Ohh don't be so rough on kat - most of us have been there, haven't we? Yes, judginess can come back and bite you on the bum, but it's a pretty natural thing to do and (whisper it quietly) it is fun, sometimes, isn't it!

gemmummy · 07/09/2009 10:30

didn't mean to sound harsh kat, i was just thinking of the other day when my ds (2) was having an almighty paddy in sainsbos. i resorted to carrying him under my arm cos he was kicking out so much....i would hate to think people were judging me....actully rephrase that, i wouldn't care what they thought but i'm all for solidarity amongst mums, everyone is different in how they parent, their way might not be yours but how boring would the world be if all kids were the same?

stillstanding · 07/09/2009 10:30

Goodness. Have just read the last line in my post and thought how sanctimonous I sound! I'm afraid in actual fact I am still pretty judgey but when it comes to parenting I think one needs to be a little more tolerant especially when one has little or no experience.

preciouslillywhite · 07/09/2009 10:31

come off it, we all get a nice warm glow from judging other people's shite parenting while turning a blind eye to what our little buggers are doing.

Personally I think it's one of the most fun and rewarding bits of motherhood

ObsidianBlackbirdMcNight · 07/09/2009 10:33

Ok maybe I am being a cow but I don't care, cos we are all cows sometimes and it's fine as long as you keep it in!

OP posts:
Stayingsunnygirl · 07/09/2009 10:35

I agree, preciouslillywhite.

gemmummy · 07/09/2009 10:35

lol at kat. i can be a right old cow too....mooooooooo

claw3 · 07/09/2009 10:37

Kat - I have 4 boys, 16,15,13 and 5. When my kids behaved badly, they were 'cute' when someone elses kids behaved badly, they were 'little shits' its the Law!

LadyoftheBathtub · 07/09/2009 10:39

I don't think you can judge parents just because you see their kids behaving badly, especially on just the odd occasion. My DS has been OUTRAGEOUS during certain tantrummy phases, absolutely wild, but I'm fairly sure that although we try to be loving and kind, we are quite clear with our boundaries, let him know what is right and wrong, follow through with consequences etc. - and normally he is great - but when it goes tits up it's spectacular. (Though fingers crossed at 4 he now seems to be past the worst...) Since having DS I would never get judgy about someone's child simply being a nightmare. They may be doing all they can.

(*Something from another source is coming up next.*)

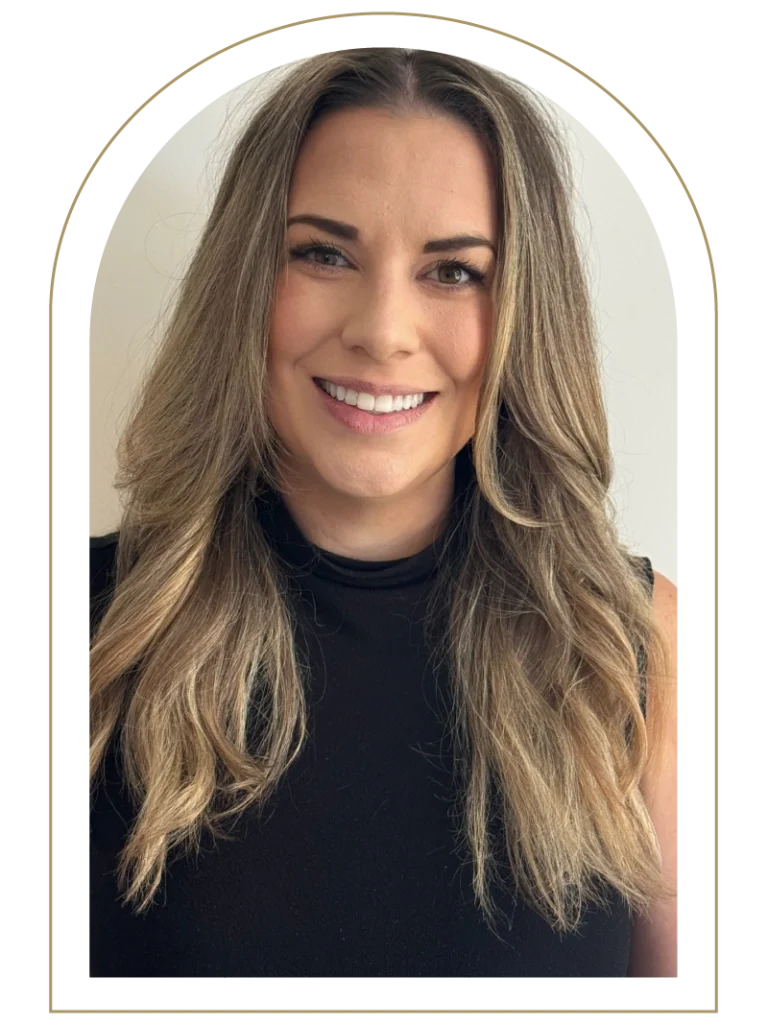 Amy Glasser - Online Admissions Counselor at Montreat University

But, I have always removed him from the situation if necessary, always told him it was not acceptable and we had to leave etc., and I have never ever let him hurt other children - if anything like that happens I'm in there, making him apologise and taking him away. What I do get judgy about is parents' crap response to their child's behaviour - when their child obviously, deliberately kicks the shit out of another child or point blank refuses to co-operate, and the parent just doesn't stop them, or just caves in to their demands. I hate that.